Sramana Mitra: We have been talking to many people in this space. One thing is very clear – all the real opportunities to differentiate in terms of applications are in the layer where there is actual heuristics and business logic that can be created. That presupposes that you have metadata and rules based on metadata. You have to have that domain specific understanding of whatever problem you are trying to solve. In your case you are dealing with file sharing and “who has access to what.” In the case of Netflix, some of it has to do with recommendation engines that have to do with films. The metadata they collect is all related to film. It is very domain-specific logic based on how you organize your data, and the heuristics of what you do with that data. That is where we are seeing most of the new stuff in terms of the infrastructure layer. That already exists. The interesting stuff is all happening on the domain specific layer. Is that in tune with your observations?

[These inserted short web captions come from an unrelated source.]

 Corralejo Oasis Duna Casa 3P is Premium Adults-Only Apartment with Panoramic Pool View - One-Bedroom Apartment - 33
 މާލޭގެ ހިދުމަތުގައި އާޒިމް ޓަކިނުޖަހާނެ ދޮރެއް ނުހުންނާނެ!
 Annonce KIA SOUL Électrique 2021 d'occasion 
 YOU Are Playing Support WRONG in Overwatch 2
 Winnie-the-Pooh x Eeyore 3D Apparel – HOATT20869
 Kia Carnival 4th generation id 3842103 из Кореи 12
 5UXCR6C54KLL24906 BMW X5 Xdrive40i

DG: On the human-generated side, most of the metadata doesn’t exist. One of the most important pieces of our technology is our filter technology. The audit trail is not just there to collect for most organizations. It is actually surprising for most people that there is no record of who is accessing what file. There are native auditing functionalities on all those platforms, but nobody turns them on. One example is a native auditing function. Very rarely is that enabled. The client didn’t have file system auditing initially. Also it has not enabled that function. AIX auditing is very seldom enabled.

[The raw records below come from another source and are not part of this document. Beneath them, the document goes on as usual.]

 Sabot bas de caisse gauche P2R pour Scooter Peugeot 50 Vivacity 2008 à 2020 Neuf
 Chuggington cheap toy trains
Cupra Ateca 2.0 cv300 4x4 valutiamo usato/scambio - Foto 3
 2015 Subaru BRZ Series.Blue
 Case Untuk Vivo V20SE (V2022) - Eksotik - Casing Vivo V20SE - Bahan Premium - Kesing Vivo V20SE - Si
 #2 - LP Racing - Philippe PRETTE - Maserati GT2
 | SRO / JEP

The audit trail isn’t necessarily there for a lot of people. Let’s stay it is. Then there is another problem. A lot of organizations are starting to build out Hadoop and different clusters, but they are still much more familiar with vanilla hardware. When you are dealing with terabytes of data, if you start collecting audit activities, metadata can very quickly start to dwarf the data itself. That is an important point. How do we normalize this stuff and create an intelligent data structure to really represent massive amounts of metadata at scale and get meaningful value out of it on this vanilla hardware? It is not that easy to get and harness this metadata on this human-generated data. There are a lot of different applications where it is more available and it is a bit more straight forward. But on the human-generated stuff it is a little bit more of a new thing.
SM: What you are trying to say is that the way this data is stored and organized it is not easy to query because this metadata has not been put in place.
DG: That is exactly right. Let’s leave the audit trail aside. Let’s look at the querying of metadata of access controls. The access control list is a group or a user, usually a group, that has permissions on a directory. To understand what that means, you have to research whatever that group is referring to, wherever that is stored, etc. Sometimes that group has subgroups in addition to its members. There are a ton of functional relationships out there, and on the file system itself, when you query a directory, all you get is the group. You are not really getting that metadata in any useful format. What there is a lot of work in is taking that metadata out of the file systems and the directory services and putting them together in a way their relationships are easy to map.
If you just did this in string comparisons, what we see is that each terabyte of data has 50,000 folders, 2,500 of which have unique permissions. On each of those folders, there are three to five active directory groups, and in each of those groups there are 15 to 20 members. On one terabyte of data you have around 150,000 functional relationships – just talking about access control. What if I remove this person from this group, what are they going to lose access to? To do that with strings is not going to work. You have to distill that to do it on normal computer infrastructure. There is a ton of work to extract this metadata out of these systems and put it in a usable framework that allows you to query it and make sense out of it.